Exploring Parallel Implementation of SPHINCS+ using Advanced Vector Extensions (AVX) Sets

Yaoyun Zhou1, Kavin Rajasekaran1, QIAN WANG2
1University of California, Merced, 2University of California Merced


Abstract

SPHINCS+ is a hash-based signature scheme and the only non-lattice-based algorithm selected for the National Institute of Standards and Technology (NIST) standardization among digital signature schemes to be upgraded for the post-quantum era. Its security is based on well-studied hash functions offering an advantage over other schemes by reducing the risk of being compromised.
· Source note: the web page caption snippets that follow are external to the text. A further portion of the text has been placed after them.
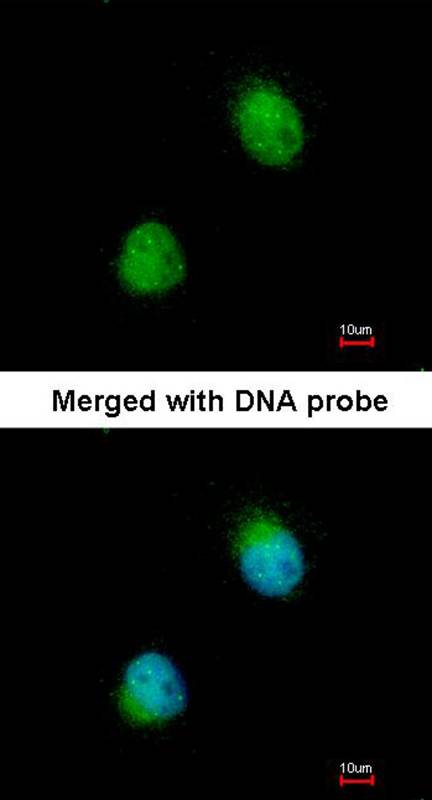 ZC3H8 antibody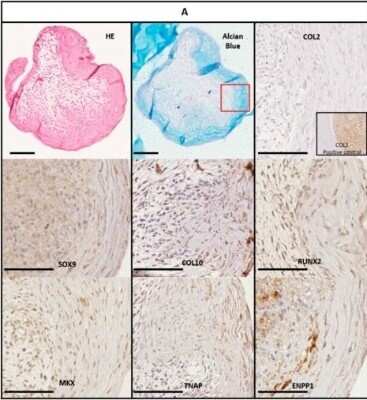 Immunohistochemistry-Paraffin: RUNX2/CBFA1 Antibody - BSA Free [NBP1-77461]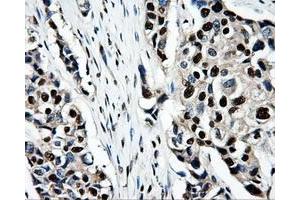 Immunohistochemical staining of paraffin-embedded Adenocarcinoma of ovary tissue using anti-PSMC3mouse monoclonal antibody.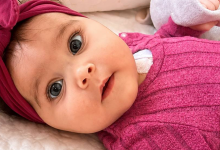 Bebé Áurea da Póvoa de Varzim faz hoje 6 meses e o melhor presente seria um dador de medula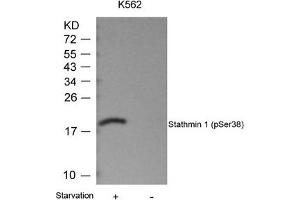 Western blot analysis of extracts from K562 cells untreated or treated with starvation using Stathmin 1(Phospho-Ser38) Antibody. (Stathmin 1 抗体  (pSer38))
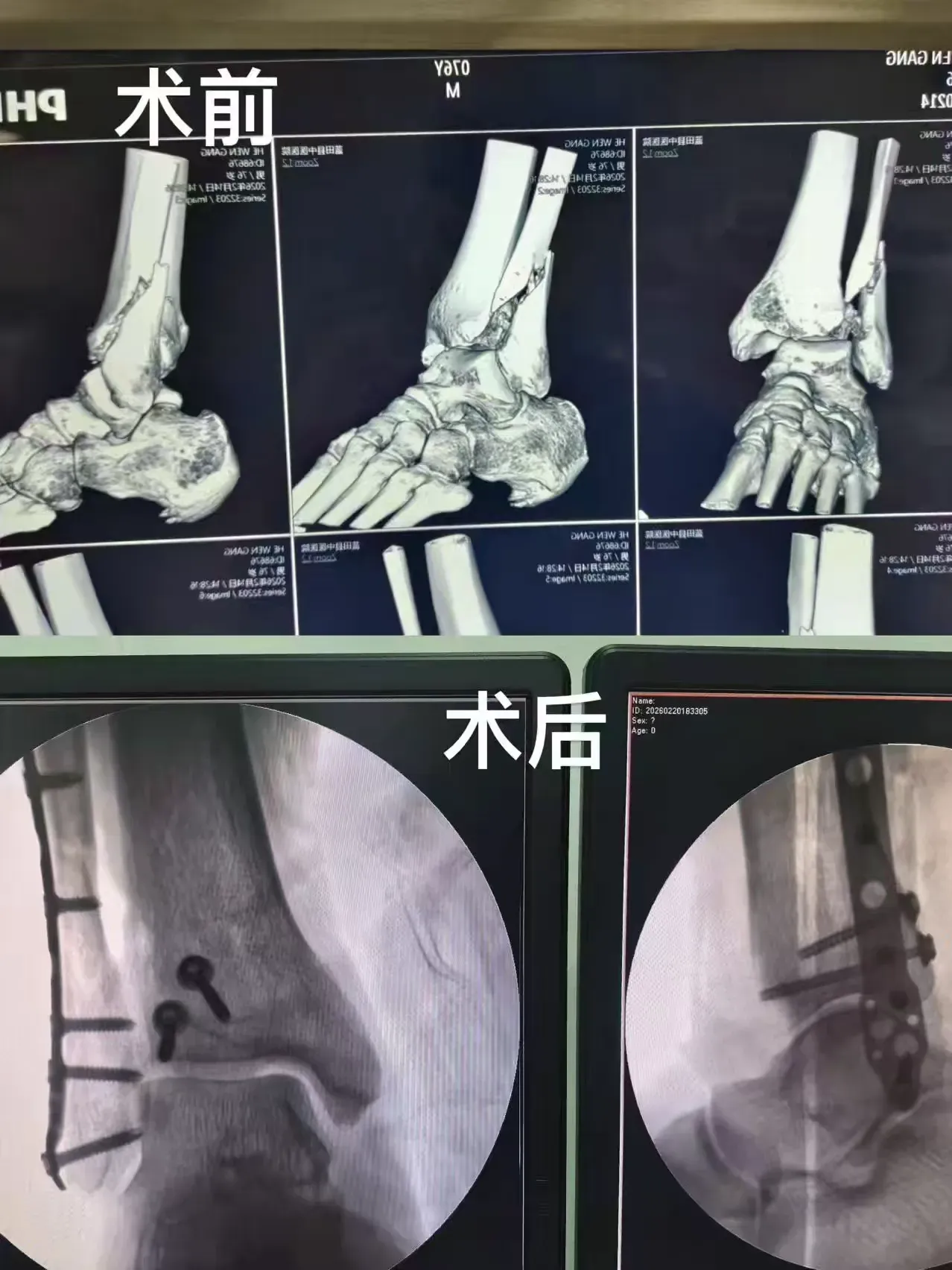 簡(jiǎn)篇-【藍(lán)中醫(yī)-手麻科】守醫(yī)者初心 護(hù)新春安康——藍(lán)田縣中醫(yī)醫(yī)院手麻科春節(jié)守護(hù)不打烊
However, SPHINCS+ comprises of a complex multi-tree structure that requires thousands of hash function calls, resulting in significant performance drawbacks compared to other schemes. In this work, we investigate and profile different parallel hash function implementations for SPHINCS+ using vector instruction sets such as AVX2 and AVX512. Our analysis reveals that a 16-lane parallel approach, which incorporates a hybrid of AVX512 and AVX2 instructions, performs best during the signing phase. Conversely, we observe a performance degradation in the AVX512-based 8-lane parallel implementation of SHA-512. We provide an analysis of the underlying causes for this performance discrepancy, which we attribute to factors such as CPU bandwidth congestion and the overhead of instruction cache handling in the AVX512 implementation.